TASK GOAL:
Quote all lines below exactly. Images stay out.

BEGIN

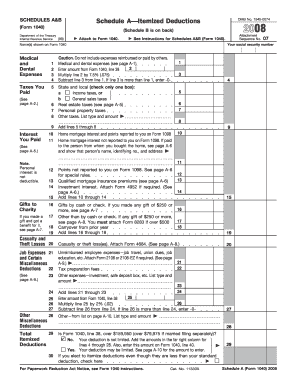Schedule A&B Itemized Deductions Form 1040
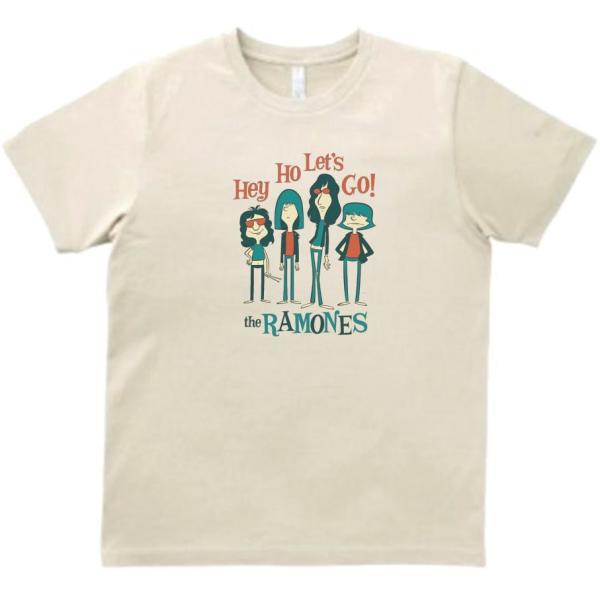 THE RAMONES　音楽Tシャツ ロックTシャツ バンドTシャツ　ライトベージュ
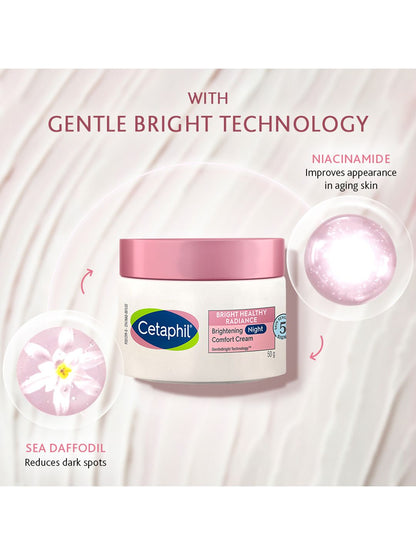 Cetaphil Bright Healthy Radiance Night Cream for Uneven Skin Tone with Niacinamide - 50 g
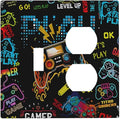 Gamer Video Game Themed Cool Controller Print Wallplates 1 Toggle 1 Duplex Switch Plate Electrical GFCI Faceplate Decorative Light Switch Covers for Kids Room Office Decor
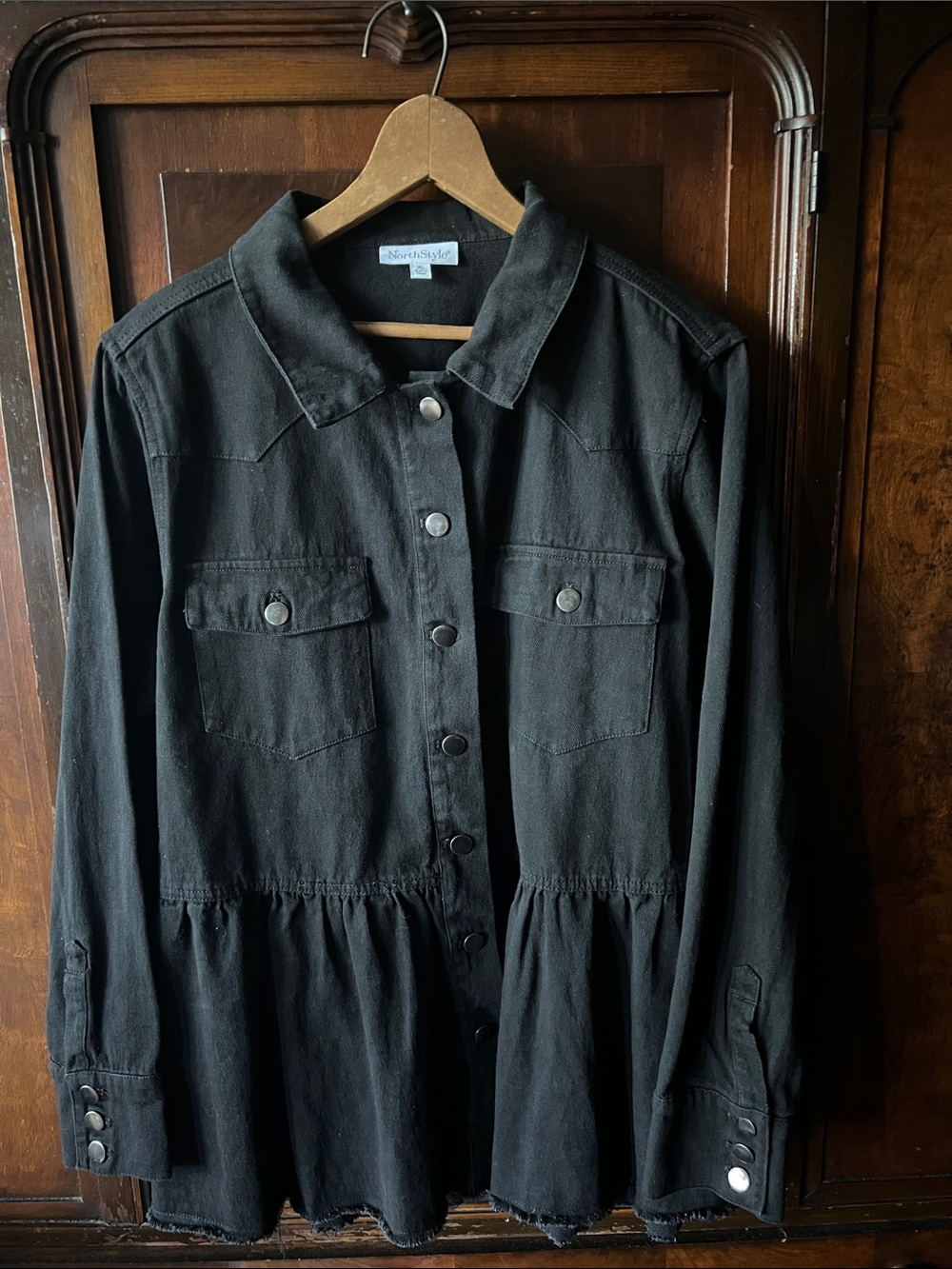NorthStyle Black Peplum-Style Button-Front Jean Jacket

END

REPLY:
Schedule A&B Itemized Deductions Form 1040
 THE RAMONES　音楽Tシャツ ロックTシャツ バンドTシャツ　ライトベージュ
 Cetaphil Bright Healthy Radiance Night Cream for Uneven Skin Tone with Niacinamide - 50 g
 Gamer Video Game Themed Cool Controller Print Wallplates 1 Toggle 1 Duplex Switch Plate Electrical GFCI Faceplate Decorative Light Switch Covers for Kids Room Office Decor
NorthStyle Black Peplum-Style Button-Front Jean Jacket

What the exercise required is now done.